12th Session of the WIPO Standing Committee on Copyright and Related Rights
17-19 November 2004

IP Justice[1] is deeply concerned about the WIPO Secretariat’s rush to convene a Diplomatic Conference to create new rights for large broadcasting companies while ignoring the pleas of developing nations for WIPO to adopt work plans that provide access, not barriers, to knowledge and innovation and creativity. 

“Special-Interest” Broadcasting Treaty Undermines “Development Agenda” Goals

At its recent 2004 annual meeting, WIPO’s General Assembly adopted a “Development Agenda” designed to refocus WIPO’s work away from continuously increasing intellectual property rights, and rather, to enable access to knowledge and assist developing nations to foster innovation and creativity in alternative ways.[2]

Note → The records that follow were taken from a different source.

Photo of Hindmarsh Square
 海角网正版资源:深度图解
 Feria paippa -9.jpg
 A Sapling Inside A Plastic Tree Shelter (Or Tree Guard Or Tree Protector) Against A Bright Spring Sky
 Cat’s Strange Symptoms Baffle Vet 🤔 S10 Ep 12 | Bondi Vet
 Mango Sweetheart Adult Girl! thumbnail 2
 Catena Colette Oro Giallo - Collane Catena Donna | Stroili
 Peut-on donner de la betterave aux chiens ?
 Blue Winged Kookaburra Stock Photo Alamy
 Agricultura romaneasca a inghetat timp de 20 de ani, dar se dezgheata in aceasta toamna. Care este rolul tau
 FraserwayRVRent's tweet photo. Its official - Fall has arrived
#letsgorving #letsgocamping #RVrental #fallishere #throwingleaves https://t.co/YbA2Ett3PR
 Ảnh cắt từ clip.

There is a rapidly growing concern among developing nations and international NGO’s about the dangerous impact on civil rights, access to education, innovation, creativity, and competition facilitated by “special-interest” laws such as the proposed WIPO Broadcasting Treaty.[3]

There has been absolutely no showing that a new treaty on broadcasting is needed.  Proponents of this treaty have yet to attempt an explanation why existing intellectual property regimes are inadequate to meet the legitimate needs of broadcasting companies.  Arguments in favor of this treaty have focused on a need to reward investment in broadcasting, something outside the scope of intellectual property rights and thus outside of WIPO’s mandate.  While such reward may be appropriate in certain cases, it is not WIPO’s role to create new rights for those who played no role in creating programming or other content.

Many of these provisions (i.e., webcasting or anti-circumvention provisions for broadcasters) currently exist nowhere in national laws.  So in many cases, this treaty is not about “harmonizing” existing rights, but rather, creating entirely new rights that have never been shown to be warranted; as such, it is entirely inappropriate for an international treaty to mandate them.

While IP Justice recommends that Member States reject the entire treaty, we are particularly concerned about several provisions in the current draft that threaten to undermine the goals of the Development Agenda and endanger the public interest.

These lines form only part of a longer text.